Melihat kondisi di atas pemerintah telah menetapkan 5 prioritas kebijakan pokok sebagai bagian restrukturisasi sektor kehutanan. Sementara itu untuk jangka waktu 20 tahun kedepan kebijakan kehutanan antara lain diarahkan pada rehabilitasi hutan dan lahan yang rusak. Sebagai bagian dari kebijakan jangka panjang, maka selama kurun waktu 5 tahun kedepan (2003 – 2007) pemerintah telah merencanakan kegiatan Rehabilitasi Hutan dan Lahan (RHL) seluas 3 juta hektar.

Pendekatan yang dilakukan dalam kegiatan rehabilitasi tersebut adalah keseimbangan ekosistem satuan DAS sebagai unit pengelolaan. Hal ini sejalan dengan tujuan pengelolaan DAS yaitu mewujudkan kelestarian dan keserasian ekosistem serta meningkatkan pemanfaatan sumber daya alam bagi manusia secara berkelanjutan.

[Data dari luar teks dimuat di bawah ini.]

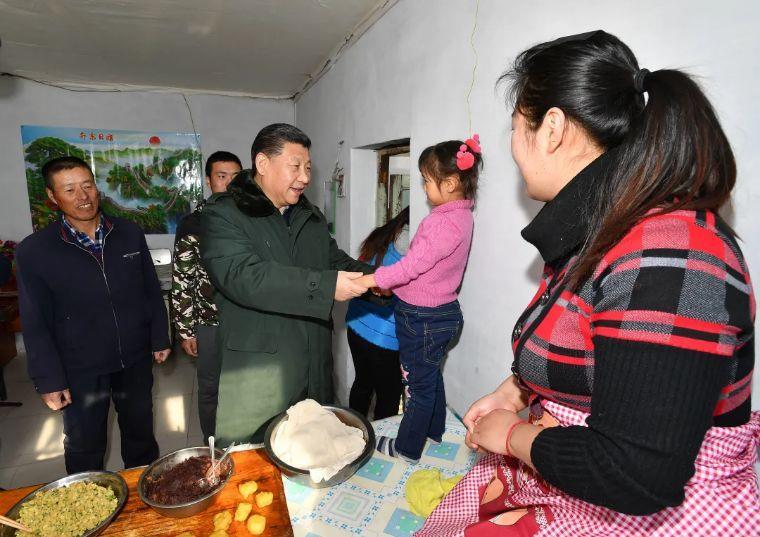 2017年1月24日，習(xí)近平總書記在河北張家口張北縣德勝村看望慰問。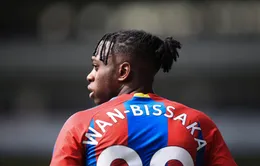 Xong vụ Wan-Bissaka, Man Utd sắp mua "bom tấn" mới trị giá 50 triệu bảng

Pada tahun 2003 pemerintah mengalokasikan dana untuk kegiatan RHL pada 29 DAS prioritas dengan luasan mencapai 300.000 hektar dengan berbagai jenis tanaman kehutanan maupun serba guna. Salah satu jenis yang cukup menonjol dan banyak dipilih dalam kegiatan RHL adalah jati (Tectona grandis). Hal ini lebih disebabkan karena jati merupakan salah satu tanaman perdagangan yang memiliki kualitas kayu sangat bagus dan bernilai ekonomi sangat tinggi, banyak dimanfaatkan sebagai bahan bangunan, bahan baku industri mebel/furniture, maupun industri kerajinan (craft) dan sebagainya.

Salah satu aspek penting dalam pengembangan jati untuk RHL adalah aspek persemaian. Untuk itu guna memberikan gambaran dalam kegiatan persemaian jati secara ringkas dalam buku ini disampaikan berbagai aspek persemaian mulai dari kegiatan pengadaan benih, perbanyakan sampai pada informasi sumber benih jati.

2. PENGADAAN BENIH

2.1. Penyebaran Alami dan Syarat Tumbuh

Jati memiliki persebaran yang cukup luas baik di habitat alamnya maupun wilayah pengembangannya, meliputi sebagian besar India, Myanmar, Laos, Kamboja, bagian barat Thailand dan Indo-cina. Jati juga tumbuh di Afrika (Sudan, Kenya, Tanzania, Tanganyika, Uganda, Lower Guinea, Ghana, Nigeria, Afrika Barat), New Zaeland, Australia (Queensland), Kepulauan Fiji, Taiwan, Kepulauan Pasifik. Di Benua Amerika, jati tumbuh di Jamaica, Panama, Argentina, Puertorico, Kepulauan Tobaqo dan Suriname. Di Indonesia, jati terdapat di sebagaian Pulau Jawa dan beberapa kepulauan kecil seperti di Muna, Kangen, Sumba dan Bali.
Jati tumbuh baik pada tanah yang sarang, mengandung Ca dan P cukup serta PH tanah antara 6-8. Untuk tanah yang sangat kurus, dapat dilakukan penambahan unsur P (Phospor). Pada tanah yang berbatu – batu, kekurangan air, sangat kering dan jelek aerasinya, termasuk juga tanah yang dangkal, pertumbuhan jati dapat menjadi bengkok dan bercabang rendah.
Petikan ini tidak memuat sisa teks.